Hay también humor en Qué difícil… Rumata, preocupado
perennemente por la cuestión, le pregunta a uno de sus “sabios”: “¿Qué harías
si fueras un dios?”. Dado que el hombre sufre de prostatitis, su respuesta es
inmediata: ”Mearía con placidez”. O las improvisaciones de jazz –con un curioso
clarinete– a las que se entrega Rumata cuando no está cortando orejas o exterminando monjes y nobles
rebeldes…
En conclusión, una gran película que es
un más que digno broche final para un gran cineasta. Un cineasta que además era
consciente de que todos nosotros vivimos ya en Arkanar.
Excurso
final
Ir al cine cada vez resulta una
experiencia más terrorífica. Y no lo decimos porque la mayoría de las salas se
albergue hoy día en esos repugnantes centros comerciales. Ni siquiera por el
olor rancio a palomitas y otros productos ricos en colesterol. Es a la plebe a
la que ya no soportamos: a los espectadores, para entendernos. Hoy no faltan
los capullos o las capullas de la fila de delante que, presos de la adicción,
cada diez minutos tienen que comprobar si hay un SMS de la Vanessa o del grupo
de guasap “Los siete adúlteros”. En casos extremos, se ponen también a hablar
por el puto artilugio: “¿Quedamos a las 7?” ,“Pos vale”, “No veas qué felación
me hizo anoche la Jenny”. Algo que no importa demasiado si el film es una
mierda. Una de las últimas pelis que pusieron en el cine de nuestro pueblo
antes de que el local se transmutara en una parafarmacia fue Gladiator. Recordarán ustedes que a
Russell Crowe le meten a la fuerza en la escuela de gladiadores que dirige un
socarrado Oliver Reed. Y hacen giras por provincias (romanas), donde Máximo se
hace muy popular y la gente le vitorea: “HISPANO-HISPANO-HISPANO” (dado que
Máximo era extremeño). Al final, en la arena del coliseo romano digital Máximo
se carga al emperador degenerado Cómodo en una escena llena de dramatismo. El
público presente en el coliseo y en el cine se queda mudo. De repente, en el
cine, uno de los garrulos del pueblo vocifera: “HISPANO-HISPANO-HISPANO”, y
claro, la sala se vino abajo, rompiendo la enorme emotividad del momento y la
esmerada puesta en escena de nuestro adorado Ridley Scott. Algo que no ocurría
en el pasado era la irreverencia contra la obra artística. Es decir, uno iba a
ver Muerte en Venecia y se daba
perfecta cuenta de que la peña rezaba para que Dirk Bogarde muriera cuanto
antes y terminara aquella tortura, pero se aguantaban sin chistar, que por algo
estaban viendo una obra de arte (de mierda). Hoy ya no ocurre esto. El desfile
de gente que abandonó Qué difícil es ser
un dios en la primera sesión a la que asistimos fue clamoroso. Y más
clamoroso fue que, antes de la proyección, nos explicaran la peli dos veces:
una, por medio del responsable filmotequero, y otra por dos jóvenes de la
distribuidora Capricci –una empresa francesa enrollada que patrocina las pelis
de Albert Serra, publica la revista Sofilm
y edita libros de cine; por ejemplo, ha poco publicaron la versión francesa del
libro de Tag Gallagher sobre John Ford, reduciéndolo en un tercio de lo que es
el original (sí: lo hace esa clase de gente que se escandaliza porque un
productor meta la tijera en una peli de un director cualquiera), provocando tal
cabreo del autor que este desautorizó el libro, anuncio en el Cahiers mediante.

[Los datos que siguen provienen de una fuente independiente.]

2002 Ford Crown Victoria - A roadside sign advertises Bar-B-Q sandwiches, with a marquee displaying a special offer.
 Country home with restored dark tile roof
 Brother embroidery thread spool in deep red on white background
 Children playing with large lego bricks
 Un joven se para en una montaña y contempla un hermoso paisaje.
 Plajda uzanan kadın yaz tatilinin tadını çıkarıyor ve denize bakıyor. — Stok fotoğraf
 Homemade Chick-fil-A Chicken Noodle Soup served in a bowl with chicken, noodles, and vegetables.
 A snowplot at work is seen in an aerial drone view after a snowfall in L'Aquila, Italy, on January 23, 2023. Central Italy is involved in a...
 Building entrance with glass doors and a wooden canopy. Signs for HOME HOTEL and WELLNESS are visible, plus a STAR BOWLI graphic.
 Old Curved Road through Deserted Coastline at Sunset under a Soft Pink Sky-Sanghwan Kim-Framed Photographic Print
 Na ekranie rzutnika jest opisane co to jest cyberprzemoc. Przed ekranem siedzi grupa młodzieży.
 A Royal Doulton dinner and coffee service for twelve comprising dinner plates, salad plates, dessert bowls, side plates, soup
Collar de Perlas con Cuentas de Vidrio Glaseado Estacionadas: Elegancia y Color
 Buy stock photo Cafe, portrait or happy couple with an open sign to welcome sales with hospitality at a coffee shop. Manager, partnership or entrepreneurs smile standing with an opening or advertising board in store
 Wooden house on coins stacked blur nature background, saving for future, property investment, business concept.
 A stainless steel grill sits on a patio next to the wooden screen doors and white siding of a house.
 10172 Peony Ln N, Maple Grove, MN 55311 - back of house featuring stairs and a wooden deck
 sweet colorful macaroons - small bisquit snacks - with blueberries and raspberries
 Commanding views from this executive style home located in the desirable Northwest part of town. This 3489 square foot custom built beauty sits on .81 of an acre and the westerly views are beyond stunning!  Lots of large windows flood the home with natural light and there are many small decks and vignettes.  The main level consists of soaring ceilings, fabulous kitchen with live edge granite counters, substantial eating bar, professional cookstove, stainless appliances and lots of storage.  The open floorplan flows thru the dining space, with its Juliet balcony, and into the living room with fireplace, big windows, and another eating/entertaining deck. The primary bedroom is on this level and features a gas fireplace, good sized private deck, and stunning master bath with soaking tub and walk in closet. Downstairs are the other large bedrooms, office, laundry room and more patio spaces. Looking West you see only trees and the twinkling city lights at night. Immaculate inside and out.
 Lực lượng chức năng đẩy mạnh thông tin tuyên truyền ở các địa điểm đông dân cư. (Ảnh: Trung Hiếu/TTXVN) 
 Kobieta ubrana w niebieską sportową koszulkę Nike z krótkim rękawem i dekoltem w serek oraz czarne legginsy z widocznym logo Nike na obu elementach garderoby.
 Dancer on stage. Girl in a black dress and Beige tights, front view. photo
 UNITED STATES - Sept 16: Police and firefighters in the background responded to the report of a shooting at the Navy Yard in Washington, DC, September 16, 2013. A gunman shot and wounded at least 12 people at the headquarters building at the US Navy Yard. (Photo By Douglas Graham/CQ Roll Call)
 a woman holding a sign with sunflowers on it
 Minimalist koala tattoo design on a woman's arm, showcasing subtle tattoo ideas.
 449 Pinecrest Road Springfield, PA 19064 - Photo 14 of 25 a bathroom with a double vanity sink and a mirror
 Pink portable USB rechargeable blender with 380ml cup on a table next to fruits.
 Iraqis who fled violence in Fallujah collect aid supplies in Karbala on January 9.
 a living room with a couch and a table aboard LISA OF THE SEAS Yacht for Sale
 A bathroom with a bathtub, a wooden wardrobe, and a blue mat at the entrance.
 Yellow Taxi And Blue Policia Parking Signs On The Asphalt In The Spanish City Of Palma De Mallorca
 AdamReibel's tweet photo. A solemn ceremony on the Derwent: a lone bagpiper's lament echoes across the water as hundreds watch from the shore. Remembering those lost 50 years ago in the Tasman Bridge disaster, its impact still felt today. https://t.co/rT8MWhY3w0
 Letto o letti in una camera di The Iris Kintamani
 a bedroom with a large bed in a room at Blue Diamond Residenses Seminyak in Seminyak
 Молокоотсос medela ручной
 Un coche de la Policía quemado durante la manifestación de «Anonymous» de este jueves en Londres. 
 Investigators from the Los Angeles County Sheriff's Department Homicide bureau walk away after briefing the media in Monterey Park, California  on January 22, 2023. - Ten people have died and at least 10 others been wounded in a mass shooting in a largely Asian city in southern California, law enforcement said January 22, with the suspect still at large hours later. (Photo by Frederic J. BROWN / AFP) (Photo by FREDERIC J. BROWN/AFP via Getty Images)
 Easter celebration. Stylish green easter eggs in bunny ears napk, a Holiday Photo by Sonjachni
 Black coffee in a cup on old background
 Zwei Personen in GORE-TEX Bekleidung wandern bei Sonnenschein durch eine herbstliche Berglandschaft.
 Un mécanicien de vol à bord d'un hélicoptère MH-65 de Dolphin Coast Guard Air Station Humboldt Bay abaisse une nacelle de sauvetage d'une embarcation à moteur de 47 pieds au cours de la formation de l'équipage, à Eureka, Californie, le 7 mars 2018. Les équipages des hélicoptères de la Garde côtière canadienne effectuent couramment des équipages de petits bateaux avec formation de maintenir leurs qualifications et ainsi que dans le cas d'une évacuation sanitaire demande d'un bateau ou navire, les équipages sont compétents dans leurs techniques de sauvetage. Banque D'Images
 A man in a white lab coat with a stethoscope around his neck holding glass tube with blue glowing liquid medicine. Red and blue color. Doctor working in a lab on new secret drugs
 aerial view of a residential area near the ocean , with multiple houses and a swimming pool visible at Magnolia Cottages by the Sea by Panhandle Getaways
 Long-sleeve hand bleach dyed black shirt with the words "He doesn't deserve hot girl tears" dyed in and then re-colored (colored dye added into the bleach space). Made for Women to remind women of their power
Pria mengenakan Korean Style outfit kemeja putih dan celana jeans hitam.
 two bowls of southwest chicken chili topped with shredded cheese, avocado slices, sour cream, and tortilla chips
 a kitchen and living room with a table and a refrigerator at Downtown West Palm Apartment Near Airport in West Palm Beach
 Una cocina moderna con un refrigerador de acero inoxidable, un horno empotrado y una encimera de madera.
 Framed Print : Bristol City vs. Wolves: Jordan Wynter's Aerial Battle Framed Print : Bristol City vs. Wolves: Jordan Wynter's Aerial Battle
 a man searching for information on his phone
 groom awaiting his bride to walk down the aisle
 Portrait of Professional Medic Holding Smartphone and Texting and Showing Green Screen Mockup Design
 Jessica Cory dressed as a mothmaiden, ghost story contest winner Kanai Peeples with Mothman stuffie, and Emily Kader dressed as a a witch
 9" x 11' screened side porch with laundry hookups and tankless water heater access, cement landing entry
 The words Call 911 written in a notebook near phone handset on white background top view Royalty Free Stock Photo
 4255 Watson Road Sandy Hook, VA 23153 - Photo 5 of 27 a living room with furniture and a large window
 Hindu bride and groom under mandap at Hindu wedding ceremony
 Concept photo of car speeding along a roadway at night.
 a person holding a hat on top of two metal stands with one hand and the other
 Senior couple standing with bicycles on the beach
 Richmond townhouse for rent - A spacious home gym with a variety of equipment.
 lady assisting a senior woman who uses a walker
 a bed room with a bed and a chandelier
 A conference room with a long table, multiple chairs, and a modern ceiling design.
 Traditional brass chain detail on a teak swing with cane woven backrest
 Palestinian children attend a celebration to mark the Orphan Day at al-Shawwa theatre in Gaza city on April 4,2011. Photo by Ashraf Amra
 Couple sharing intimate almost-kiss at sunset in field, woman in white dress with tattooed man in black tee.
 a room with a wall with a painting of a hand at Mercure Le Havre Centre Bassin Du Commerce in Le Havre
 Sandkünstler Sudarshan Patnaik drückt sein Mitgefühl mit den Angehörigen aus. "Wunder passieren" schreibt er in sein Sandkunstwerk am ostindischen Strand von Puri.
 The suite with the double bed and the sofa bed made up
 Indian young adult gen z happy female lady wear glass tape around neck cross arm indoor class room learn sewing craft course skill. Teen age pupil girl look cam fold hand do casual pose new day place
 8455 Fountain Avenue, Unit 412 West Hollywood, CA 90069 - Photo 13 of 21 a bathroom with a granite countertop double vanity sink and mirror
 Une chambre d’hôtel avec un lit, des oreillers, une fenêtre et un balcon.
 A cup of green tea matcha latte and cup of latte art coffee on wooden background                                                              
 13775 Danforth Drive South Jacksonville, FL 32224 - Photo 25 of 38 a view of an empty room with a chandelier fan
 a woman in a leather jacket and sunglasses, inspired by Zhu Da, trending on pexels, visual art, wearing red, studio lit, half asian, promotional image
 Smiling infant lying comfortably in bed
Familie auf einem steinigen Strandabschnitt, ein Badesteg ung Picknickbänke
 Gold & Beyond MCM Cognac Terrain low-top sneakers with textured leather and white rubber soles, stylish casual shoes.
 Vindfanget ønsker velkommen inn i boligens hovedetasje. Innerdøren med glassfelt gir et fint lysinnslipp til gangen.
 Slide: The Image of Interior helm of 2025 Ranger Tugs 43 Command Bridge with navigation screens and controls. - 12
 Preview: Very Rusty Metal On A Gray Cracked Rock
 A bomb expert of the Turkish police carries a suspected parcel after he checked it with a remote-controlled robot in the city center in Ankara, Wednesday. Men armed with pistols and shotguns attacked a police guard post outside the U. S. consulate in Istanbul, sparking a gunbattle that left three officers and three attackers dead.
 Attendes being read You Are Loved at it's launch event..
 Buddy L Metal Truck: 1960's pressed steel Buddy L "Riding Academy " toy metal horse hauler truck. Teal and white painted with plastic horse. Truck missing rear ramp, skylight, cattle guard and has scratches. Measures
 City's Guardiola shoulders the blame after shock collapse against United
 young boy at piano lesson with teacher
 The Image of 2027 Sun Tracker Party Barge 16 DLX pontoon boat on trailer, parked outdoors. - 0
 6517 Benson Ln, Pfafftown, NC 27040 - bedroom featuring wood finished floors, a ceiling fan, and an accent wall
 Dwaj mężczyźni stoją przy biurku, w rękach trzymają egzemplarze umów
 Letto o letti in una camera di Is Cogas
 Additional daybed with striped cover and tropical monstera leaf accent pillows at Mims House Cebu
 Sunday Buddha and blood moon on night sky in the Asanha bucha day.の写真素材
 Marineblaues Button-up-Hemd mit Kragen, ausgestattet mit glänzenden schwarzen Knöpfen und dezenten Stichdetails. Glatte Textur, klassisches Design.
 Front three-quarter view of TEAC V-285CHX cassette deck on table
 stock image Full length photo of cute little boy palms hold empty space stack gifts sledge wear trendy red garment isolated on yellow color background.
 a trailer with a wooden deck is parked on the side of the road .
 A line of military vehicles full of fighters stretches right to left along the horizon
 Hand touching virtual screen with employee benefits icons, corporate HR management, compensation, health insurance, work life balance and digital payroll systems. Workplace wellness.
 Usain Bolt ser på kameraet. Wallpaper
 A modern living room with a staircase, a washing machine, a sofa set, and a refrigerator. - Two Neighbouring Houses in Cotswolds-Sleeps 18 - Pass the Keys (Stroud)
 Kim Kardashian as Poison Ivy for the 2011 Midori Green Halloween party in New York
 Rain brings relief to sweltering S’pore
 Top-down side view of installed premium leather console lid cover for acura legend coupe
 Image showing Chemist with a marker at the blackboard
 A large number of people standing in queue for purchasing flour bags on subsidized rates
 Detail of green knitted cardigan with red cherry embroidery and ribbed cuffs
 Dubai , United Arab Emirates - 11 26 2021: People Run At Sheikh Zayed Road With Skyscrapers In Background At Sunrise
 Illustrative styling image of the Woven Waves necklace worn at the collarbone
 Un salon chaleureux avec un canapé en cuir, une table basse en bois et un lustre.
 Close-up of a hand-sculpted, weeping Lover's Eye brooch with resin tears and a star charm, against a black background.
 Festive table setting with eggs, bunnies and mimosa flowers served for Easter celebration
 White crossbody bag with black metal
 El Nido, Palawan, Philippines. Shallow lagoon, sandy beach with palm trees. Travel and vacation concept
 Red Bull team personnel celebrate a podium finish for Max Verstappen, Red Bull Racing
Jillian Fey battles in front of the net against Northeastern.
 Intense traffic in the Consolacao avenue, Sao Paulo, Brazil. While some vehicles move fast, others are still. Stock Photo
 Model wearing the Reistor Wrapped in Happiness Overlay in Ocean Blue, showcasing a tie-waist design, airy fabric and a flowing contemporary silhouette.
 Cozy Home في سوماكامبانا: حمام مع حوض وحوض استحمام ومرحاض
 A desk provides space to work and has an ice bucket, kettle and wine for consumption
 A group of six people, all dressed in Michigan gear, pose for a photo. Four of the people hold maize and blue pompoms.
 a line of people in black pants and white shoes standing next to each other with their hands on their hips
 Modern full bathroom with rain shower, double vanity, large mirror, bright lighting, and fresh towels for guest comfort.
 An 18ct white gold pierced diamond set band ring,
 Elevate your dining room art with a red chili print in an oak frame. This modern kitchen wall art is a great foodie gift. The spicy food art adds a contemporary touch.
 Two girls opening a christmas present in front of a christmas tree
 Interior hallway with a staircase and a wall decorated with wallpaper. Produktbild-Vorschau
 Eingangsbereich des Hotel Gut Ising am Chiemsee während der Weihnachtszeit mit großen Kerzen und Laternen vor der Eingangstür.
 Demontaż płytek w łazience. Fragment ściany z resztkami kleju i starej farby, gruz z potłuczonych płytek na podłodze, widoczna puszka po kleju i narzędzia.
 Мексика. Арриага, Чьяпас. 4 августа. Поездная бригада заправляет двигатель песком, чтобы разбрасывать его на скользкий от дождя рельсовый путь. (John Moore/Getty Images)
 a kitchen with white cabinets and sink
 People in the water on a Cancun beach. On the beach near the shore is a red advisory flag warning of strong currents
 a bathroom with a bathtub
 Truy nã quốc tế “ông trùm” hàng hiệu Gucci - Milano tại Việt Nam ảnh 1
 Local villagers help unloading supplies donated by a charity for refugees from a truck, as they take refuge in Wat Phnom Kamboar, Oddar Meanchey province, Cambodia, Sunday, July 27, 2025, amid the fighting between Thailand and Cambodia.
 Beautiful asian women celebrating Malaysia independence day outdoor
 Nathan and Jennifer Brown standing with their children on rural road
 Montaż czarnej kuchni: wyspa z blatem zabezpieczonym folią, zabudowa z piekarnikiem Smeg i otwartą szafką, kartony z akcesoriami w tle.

Como nosotros odiamos que nos expliquen
una peli antes de verla, nos dedicamos a hacer como que leíamos el folleto de
la programación mientras aquellos tres largaban y largaban. No es que fuera muy
elegante esa actitud nuestra (estábamos en primera fila), pero por lo menos no
tiramos bombas fétidas ni petardos, que es lo que hacíamos de niños. Para
terminar, los meritorios de Capricci nos hicieron saber que en el vestíbulo se
hallaban unos ejemplares de Sofilm y
unos pósters de la peli, todo ello a precio rebajado.